Rhys’ statement about happiness and writing makes me think about why I write, and if it brings me happiness.
Personally, I hate the blank screen and completing a writing project is physically exhausting. But once I’ve started the process, and the screen is no longer completely white, I enjoy the time spent creating characters, rearranging words, and developing a narrative. This is equally the case for non-fiction writing. Yet, for me, my writing is not autobiografictional, and I can use it to escape, discuss, or even explore — not to relive.
My personal daemon is being stuck at a desk. I adore being outside, moving, and being active. For me, there is a happiness and freedom in not being enclosed by walls or straddled to a desk. I long to be in a meadow, forest or even on a city street most days, even when the weather is bad. I find beauty in a winter evening rain storm, and how it turns a moonless night from nothingness to an inky black. I love a spring day, looking up through the new green shoots to a light blue sky.

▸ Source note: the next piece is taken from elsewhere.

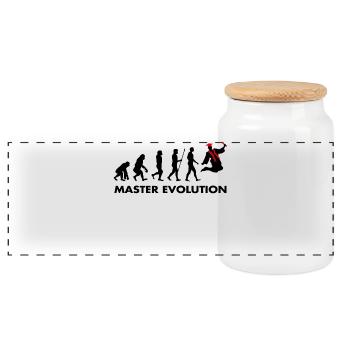 Master evolution exam passed school graduation - Panoramic Cookie Jar with Wooden Lid - white - Front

I can feel trapped when inside and still. (I can also be incredibly lazy, and lying on a beach doing nothing at all is always appealing.)
When I look back at my life, the choice will not be between writing or happiness, as they both bring me pleasure. But between writing and activity. And, unlike Jean Rhys, I don’t feel like I can yet decide which one was better time spent.
However, we all have our writing daemons, and we will look back one day and decide if we regret our time writing. For each of us — I hope — the answer will be different.